EXERCISE AIM:
Find the line with "2021春季学期第18周菜单" and the line with "21 -4 Induced" in the entries below; output exactly those two lines, every line between them, and no others.

——

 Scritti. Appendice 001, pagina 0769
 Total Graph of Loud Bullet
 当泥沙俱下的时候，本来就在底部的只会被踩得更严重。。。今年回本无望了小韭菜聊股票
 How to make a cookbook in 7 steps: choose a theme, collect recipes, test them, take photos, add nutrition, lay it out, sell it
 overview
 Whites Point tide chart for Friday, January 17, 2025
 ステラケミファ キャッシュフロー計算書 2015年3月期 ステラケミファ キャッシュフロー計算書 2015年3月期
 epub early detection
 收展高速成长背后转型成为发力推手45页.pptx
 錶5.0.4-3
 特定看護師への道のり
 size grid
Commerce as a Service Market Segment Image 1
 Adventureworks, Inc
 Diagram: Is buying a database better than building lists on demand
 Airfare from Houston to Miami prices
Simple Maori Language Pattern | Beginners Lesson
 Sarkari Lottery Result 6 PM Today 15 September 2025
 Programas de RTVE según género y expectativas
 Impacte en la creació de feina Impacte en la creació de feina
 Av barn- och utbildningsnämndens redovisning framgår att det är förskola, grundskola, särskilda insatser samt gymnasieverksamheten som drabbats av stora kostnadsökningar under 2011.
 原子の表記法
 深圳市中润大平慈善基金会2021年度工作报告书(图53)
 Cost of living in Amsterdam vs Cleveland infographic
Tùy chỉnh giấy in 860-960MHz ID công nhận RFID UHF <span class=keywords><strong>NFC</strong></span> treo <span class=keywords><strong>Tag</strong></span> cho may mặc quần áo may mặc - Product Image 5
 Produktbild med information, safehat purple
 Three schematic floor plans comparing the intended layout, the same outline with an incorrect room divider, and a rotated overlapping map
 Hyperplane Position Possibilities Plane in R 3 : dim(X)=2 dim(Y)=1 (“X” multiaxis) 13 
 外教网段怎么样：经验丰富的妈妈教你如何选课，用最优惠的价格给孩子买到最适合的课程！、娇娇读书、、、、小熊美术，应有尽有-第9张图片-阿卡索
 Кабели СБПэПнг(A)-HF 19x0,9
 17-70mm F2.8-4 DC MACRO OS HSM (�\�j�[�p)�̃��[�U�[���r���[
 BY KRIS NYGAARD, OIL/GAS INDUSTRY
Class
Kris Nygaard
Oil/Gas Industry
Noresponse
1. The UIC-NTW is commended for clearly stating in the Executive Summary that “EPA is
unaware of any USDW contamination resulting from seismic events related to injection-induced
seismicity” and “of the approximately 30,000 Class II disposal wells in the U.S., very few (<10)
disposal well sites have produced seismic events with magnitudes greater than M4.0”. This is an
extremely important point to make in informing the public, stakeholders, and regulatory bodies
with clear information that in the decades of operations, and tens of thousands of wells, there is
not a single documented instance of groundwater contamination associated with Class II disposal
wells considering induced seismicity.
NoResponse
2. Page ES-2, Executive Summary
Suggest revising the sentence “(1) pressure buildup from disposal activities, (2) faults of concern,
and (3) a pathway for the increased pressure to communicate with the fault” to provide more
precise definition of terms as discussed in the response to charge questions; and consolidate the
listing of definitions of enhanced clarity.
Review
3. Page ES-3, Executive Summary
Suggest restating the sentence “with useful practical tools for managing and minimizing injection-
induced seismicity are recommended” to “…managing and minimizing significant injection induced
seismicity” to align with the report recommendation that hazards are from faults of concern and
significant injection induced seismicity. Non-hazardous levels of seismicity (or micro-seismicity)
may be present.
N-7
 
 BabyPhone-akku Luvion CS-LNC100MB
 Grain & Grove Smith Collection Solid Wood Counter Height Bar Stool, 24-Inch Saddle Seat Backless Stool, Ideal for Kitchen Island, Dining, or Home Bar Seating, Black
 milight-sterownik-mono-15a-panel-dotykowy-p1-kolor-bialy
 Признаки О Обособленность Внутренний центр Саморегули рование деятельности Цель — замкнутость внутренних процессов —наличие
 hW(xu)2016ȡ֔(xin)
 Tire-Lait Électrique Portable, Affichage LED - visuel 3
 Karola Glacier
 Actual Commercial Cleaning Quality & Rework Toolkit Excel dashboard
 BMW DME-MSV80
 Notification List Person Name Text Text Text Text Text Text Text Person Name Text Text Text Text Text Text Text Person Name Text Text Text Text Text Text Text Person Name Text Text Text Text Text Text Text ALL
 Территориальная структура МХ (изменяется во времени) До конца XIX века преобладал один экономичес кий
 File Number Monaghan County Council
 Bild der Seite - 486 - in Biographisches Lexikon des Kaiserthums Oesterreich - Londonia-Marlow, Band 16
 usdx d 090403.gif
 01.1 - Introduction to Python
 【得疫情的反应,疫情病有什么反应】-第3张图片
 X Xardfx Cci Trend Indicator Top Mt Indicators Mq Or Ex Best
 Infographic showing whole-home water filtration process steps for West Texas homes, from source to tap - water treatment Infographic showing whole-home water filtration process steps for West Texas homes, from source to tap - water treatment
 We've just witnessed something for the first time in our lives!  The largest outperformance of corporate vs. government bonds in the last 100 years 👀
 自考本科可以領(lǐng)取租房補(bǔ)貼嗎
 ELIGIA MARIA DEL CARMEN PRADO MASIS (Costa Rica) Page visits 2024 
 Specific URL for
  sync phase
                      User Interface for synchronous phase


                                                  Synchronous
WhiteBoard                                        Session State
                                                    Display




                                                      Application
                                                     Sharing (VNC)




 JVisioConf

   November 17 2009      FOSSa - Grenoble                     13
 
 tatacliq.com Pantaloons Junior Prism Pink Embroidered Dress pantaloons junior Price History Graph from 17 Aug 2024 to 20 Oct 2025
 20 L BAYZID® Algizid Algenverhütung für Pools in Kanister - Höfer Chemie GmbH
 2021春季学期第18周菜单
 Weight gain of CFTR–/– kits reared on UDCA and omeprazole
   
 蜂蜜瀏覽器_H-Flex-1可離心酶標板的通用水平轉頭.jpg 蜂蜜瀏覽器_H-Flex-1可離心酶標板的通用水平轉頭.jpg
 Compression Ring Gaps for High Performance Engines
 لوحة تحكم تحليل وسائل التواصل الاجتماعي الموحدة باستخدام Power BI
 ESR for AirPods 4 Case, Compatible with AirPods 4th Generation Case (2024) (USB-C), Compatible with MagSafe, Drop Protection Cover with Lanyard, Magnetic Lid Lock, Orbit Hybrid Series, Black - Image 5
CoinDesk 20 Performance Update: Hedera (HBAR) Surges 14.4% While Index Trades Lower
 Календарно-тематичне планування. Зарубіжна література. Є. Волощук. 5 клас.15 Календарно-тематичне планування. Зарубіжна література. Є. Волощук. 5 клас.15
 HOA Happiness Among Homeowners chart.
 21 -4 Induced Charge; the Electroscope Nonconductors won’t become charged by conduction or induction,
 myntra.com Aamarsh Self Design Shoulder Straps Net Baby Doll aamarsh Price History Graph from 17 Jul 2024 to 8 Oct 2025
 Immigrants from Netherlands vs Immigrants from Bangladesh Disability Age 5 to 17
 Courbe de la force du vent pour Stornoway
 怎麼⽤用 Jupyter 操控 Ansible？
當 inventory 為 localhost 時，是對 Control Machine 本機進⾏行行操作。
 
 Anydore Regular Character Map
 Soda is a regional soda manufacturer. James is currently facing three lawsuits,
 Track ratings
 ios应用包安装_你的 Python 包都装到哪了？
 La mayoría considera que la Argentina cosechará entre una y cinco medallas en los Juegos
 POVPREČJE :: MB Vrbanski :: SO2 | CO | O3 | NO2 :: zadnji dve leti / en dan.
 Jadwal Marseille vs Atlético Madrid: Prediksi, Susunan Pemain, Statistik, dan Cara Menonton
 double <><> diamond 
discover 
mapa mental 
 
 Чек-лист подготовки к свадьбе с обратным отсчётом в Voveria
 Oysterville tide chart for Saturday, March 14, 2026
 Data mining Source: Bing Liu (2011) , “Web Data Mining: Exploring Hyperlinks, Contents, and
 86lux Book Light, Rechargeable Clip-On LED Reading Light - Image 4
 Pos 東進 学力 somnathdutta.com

——

EXERCISE RESULT:
 2021春季学期第18周菜单
 Weight gain of CFTR–/– kits reared on UDCA and omeprazole
   
 蜂蜜瀏覽器_H-Flex-1可離心酶標板的通用水平轉頭.jpg 蜂蜜瀏覽器_H-Flex-1可離心酶標板的通用水平轉頭.jpg
 Compression Ring Gaps for High Performance Engines
 لوحة تحكم تحليل وسائل التواصل الاجتماعي الموحدة باستخدام Power BI
 ESR for AirPods 4 Case, Compatible with AirPods 4th Generation Case (2024) (USB-C), Compatible with MagSafe, Drop Protection Cover with Lanyard, Magnetic Lid Lock, Orbit Hybrid Series, Black - Image 5
CoinDesk 20 Performance Update: Hedera (HBAR) Surges 14.4% While Index Trades Lower
 Календарно-тематичне планування. Зарубіжна література. Є. Волощук. 5 клас.15 Календарно-тематичне планування. Зарубіжна література. Є. Волощук. 5 клас.15
 HOA Happiness Among Homeowners chart.
 21 -4 Induced Charge; the Electroscope Nonconductors won’t become charged by conduction or induction,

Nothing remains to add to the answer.